Os homens, revoltados pela perda e inconformados com tantas lágrimas escorrendo dos olhos de suas mulheres e crianças, afastaram-se, reunindo-se na rua de trás e logo depois se achegaram novamente, de punhos cerrados, com um andar pesado, caminhando de encontro aos homens que empunhavam as marretas. Eles haviam decidido em uma rápida reunião enfrentar cada um dos que haviam demolido a capela do bairro, expulsando-os dali naquele mesmo instante, sem negociações. Então, quando o primeiro morador se atreveu a levantar a voz contra um dos demolidores, este ligeiramente sacou um revólver de trás da calça e disparou o primeiro tiro daquele dia.

A bala perfurou o peito de Flávio, que não pôde nem ao menos dar um último beijo na amada. Antes mesmo que o cano da arma esfriasse, outros tiros deram sequência ao primeiro, assim como outros atiradores se juntaram ao massacre. E assim, um por um dos moradores que haviam saído de casa para ir à missa caíam derramando um pouco do seu sangue na tentativa de defender seu lugar sagrado.

Apavoradas, as mulheres correram para longe do foco do combate, tentando salvar seus filhos da violência. Para a desgraça dessas, mais dos homens de marreta haviam tomado as ruas ao redor. No olho de cada mulher se enxergava o terror. Terror de ver o próprio companheiro ser covardemente assassinado e terror de, ao segurar pelas mãos os filhos, não ter para onde ir, de frente para mais parceiros dos assassinos do cônjuge. Talvez muitas delas tivessem segurado mais forte as mãos dos filhos, se soubessem que seria o último momento junto a eles.

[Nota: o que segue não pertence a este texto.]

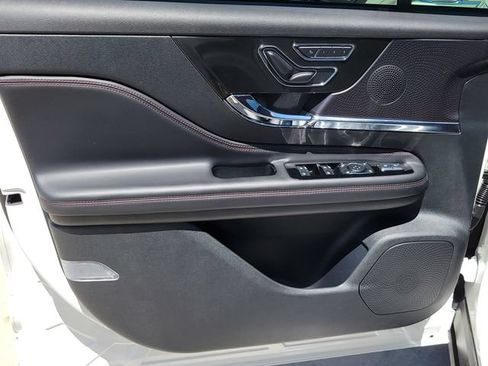 Certified 2025 Lincoln Corsair Reserve w/ Jet Appearance Package AWD/4WD image 7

Os olhos de alguns jovens, que se reuniram tomados pelo desespero, se fechavam, e assim eles ouviam um por um dos que estavam juntos de si serem levados para longe. Ainda se ouviam tiros. Crianças choravam. Ouviam-se também o que pareciam ser socos, chutes, ou agressões com objetos da rua. Ao abrir os olhos, as flores estavam jogadas às calçadas e pisoteadas. Alguns galhos grossos das árvores velhas haviam sido usados como armas. Era inimaginável uma crueldade de tão grande tamanho.

Giovani havia conseguido abrigo em meio ao caos. Quando um dos homens acertou o queixo da mãe com um golpe de revólver, o garoto saiu e se escondeu embaixo de uma lixeira grande daquele quarteirão. Naquela tarde Giovani viu o que nenhum garoto de doze anos está preparado para ver: sua tia, sua vizinha e a mãe de seu melhor amigo estavam sendo arrastadas por vários homens para a carroceria de um caminhão. Antes mesmo que tivessem terminado de jogar sua vizinha na carroceria, um dos homens havia começado a rasgar seu vestido. O desespero de Giovani estancou suas lágrimas de tristeza. O medo fez seu coração gritar, com batidas mais fortes e mais rápidas do que qualquer partida de futebol já jogada.

Quando tudo parecia ter acabado naquela rua, Giovani se levantou cautelosamente, e tentou olhar de longe para a direção de onde ainda se ouvia vozes dos homens que haviam massacrado a população daquele bairro depois de terem transformado a capela em um monte de pedras e telhas no chão:

- Isso aqui só tomava o espaço do povo! Imaginem o tamanho da fábrica que será instalada aqui! – Sonhava quase gritando um dos homens

- Isso é que é fazer o país ir pra frente: tirar o pessoal que aqui estava, limpar essa área dessa gentinha que fica fazendo as coisas só pra eles próprios, e construir algo de riqueza para toda a nação! – Exclamava com orgulho outro deles.

A respiração de Giovani ficou ofegante novamente. Sem cabeça para pensar, nem quem o ajudasse, o garotinho se colocou a correr pelo primeiro caminho que viu. Para a tristeza de Giovani, um dos homens o viu, entrando em seu caminho e o segurando violentamente.

- Achei mais um vermezinho aqui, cambada! – Gritou o homem para o resto do grupo. Alto, forte e barbudo, este homem que o segurava tinha um sorriso amedrontador, e um tom de voz que só aumentava o desespero do garoto.

- Finaliza aí então, senão ele vai chamar mais gente pra atrapalhar o nosso serviço! – Responderam, de longe.

E foi assim que um último disparo encerrou aquela tarde. E aquela vida.

O lugar sagrado, de culto, foi tomado. As terras de moradia se tornaram um caos (após dois meses, foram demolidas também as casas). Entre os moradores, alguns foram assassinados e outros, estuprados. Mais uma população foi extinta. E agora, quem delimita as áreas que pertencem aos moradores e as que podem ser invadidas para construção de fábricas são os próprios homens das marretas.